She ran a hand through her hair, sighed.
“Let me start over,” she said, then held up a finger for silence.
We passed a timeless moment together, the night around us seeming to swallow everything up except for me and the creature I couldn’t kill.
“You know that I know everything, yes? You accept this by this point, even if our dear Jane puts its out of her tiny little mind every few seconds so she can pretend she has a chance. What’s going to happen next is that I’m going to tell you the future unaltered, and you are going to pick from six possible changes I can make to it. Once that’s done, the gifts will go away and you all die.”
I didn’t say anything. If any of my shades felt the urge to speak up, they didn’t express it. I was still half hoping they’d figure out some way to kill Remover.
“Very soon,” she began, “Right when we finish up here, the Union’s super satellite will target and destroy Inviting Entity’s manifestation on the moon. The exact technology it will use, and why that will pierce his Ultra shield, is unimportant.
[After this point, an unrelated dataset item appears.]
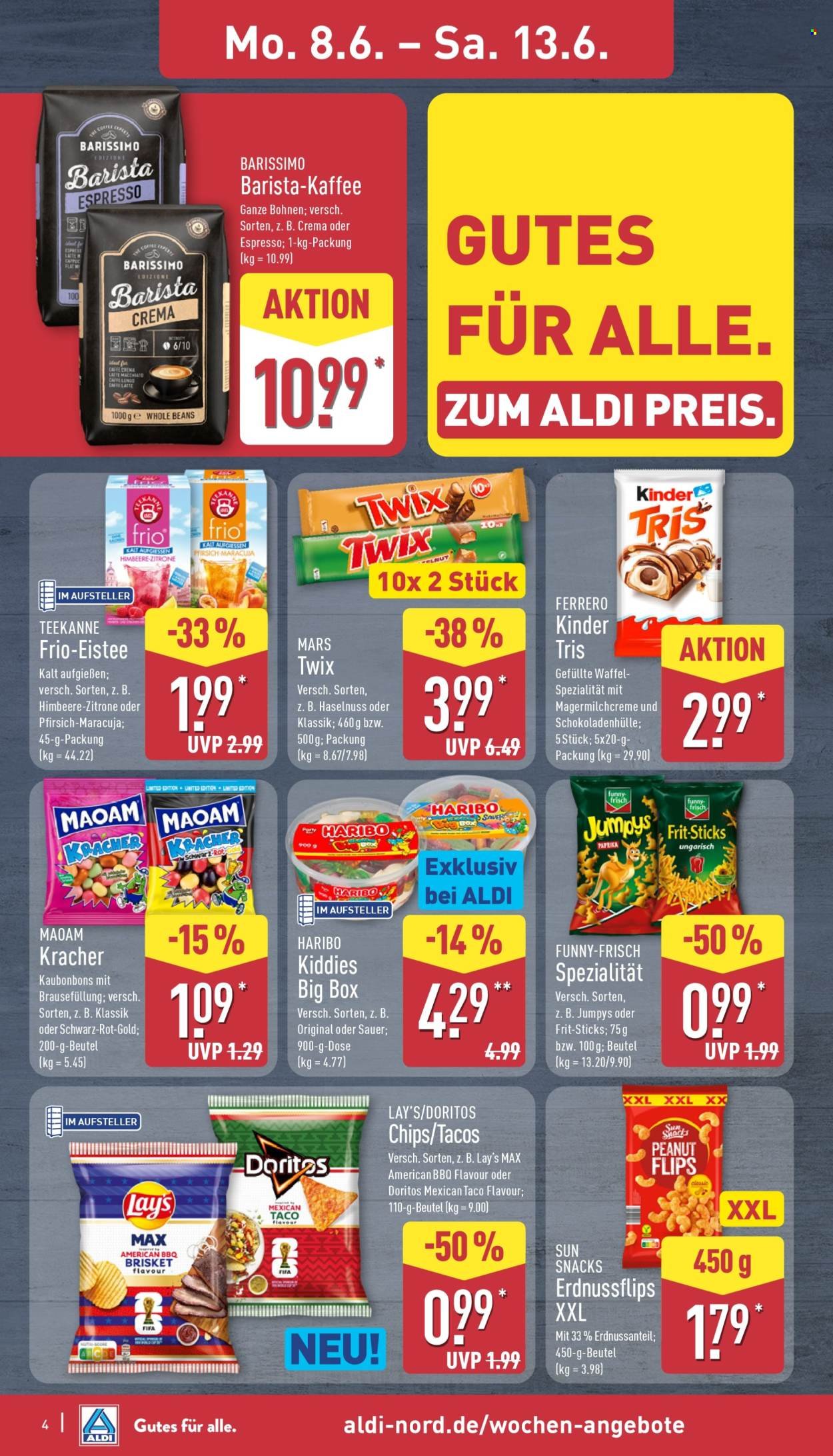 ALDI NORD Prospekt - Griechische Woche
The thing that’s important to you, here and now, is that the destruction of his proxy will signal the end of this celebration to my kind.”
She paused again, but we still didn’t speak up.
“Delighting Entity’s proxy used the metaphor of your universe being a tree, and your souls the grubs attached to it. The party, then, is a bunch of people standing around the tree, each with their hands on a grub. When Inviting Entity lets go of his grub and heads to the party, almost all of them will do likewise. I’ll shoo most of the ones who remain, and throughout all of your world, the Ultras will lose their gifts.”
My eyes widened in spite of myself. I’d imagined the end of Ultra gifts many times, but Remover was saying, in a dry, casual and matter of fact manner, that it was about to happen. Not in years. Not in days. Right now.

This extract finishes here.